A specific dietary adaptation distinguishing dingoes from most dogs is a lower number of copies of AMY2B, an important gene for starch digestion. Wolves, jackals, coyotes, dingoes, and a few ancient types of dogs native to areas where agriculture was uncommon until recently, also carry only 2 copies of AMY2B (Axelsson et al., 2014; Thalmann et al., 2013). Two copies is generally taken to be the primitive or ancestral condition for wild‐living, free‐breeding canids (Arendt et al., 2014; Arendt, Cairns, Ballard, Savoleinen, & Axelsson, 2016; Axelsson et al., 2014; Cairns et al., 2017; Ollivier et al., 2018; Perry et al., 2007).
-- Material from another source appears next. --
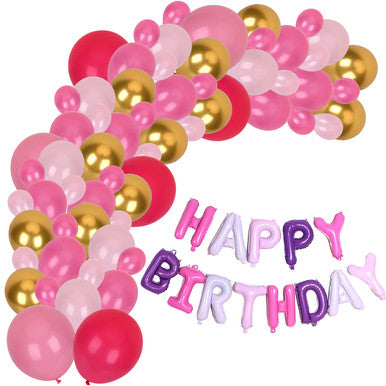 Pink Balloon Arch with  Happy Birthday Foil Balloon Set - 98pcs
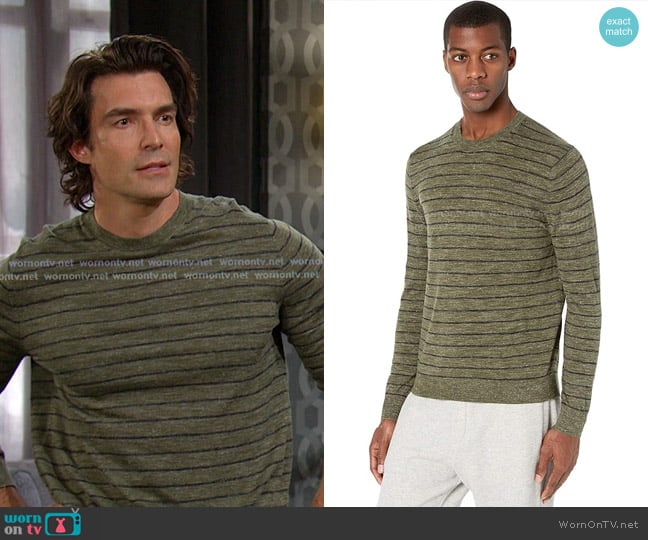 Vince Feeder Stripe Long Sleeve Crew worn by Dimitri Von Leuschner (Peter Porte) on Days of our Lives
In domestic dogs, including village dogs, the number of copies of AMY2B ranges from 2 to 34. High copy numbers appear to be an adaptation for efficient digestion of human‐derived starchy foods. This difference implies that dogs were domesticated after the onset of agriculture and that dingo ancestors diverged from other canids before that time. Ollivier et al. (2016) estimated the number of AMY2B genes in a sample of 13 prehistoric dogs in southwestern Europe ranging in age from 15,000 to 4,000 cal. years BP and found the onset of extra copies of this gene began by 7,000 cal. years BP at the latest. Thus the duplication of the genes roughly coincided with the onset of agriculture, which would increase the amount of starch‐rich food available to dogs. Not all dogs from this date onward showed extra copies of the genes and none of the modern wolves, dingoes, or Siberian huskies in their sample had extra copies.

The candidate genes identified by Zhang et al. as subject to positive selection during feralization included five that are associated with digestion and metabolism. Zhang et al. suggest that dingoes obtained their own food during feralization rather than eating a high proportion of vegetable food and starches if their food were scavenged from or provisioned by humans. Alternatively, if dingo ancestors were not fully domesticated upon arrival in Australia, they may never have acquired the doglike condition facilitating starch digestion.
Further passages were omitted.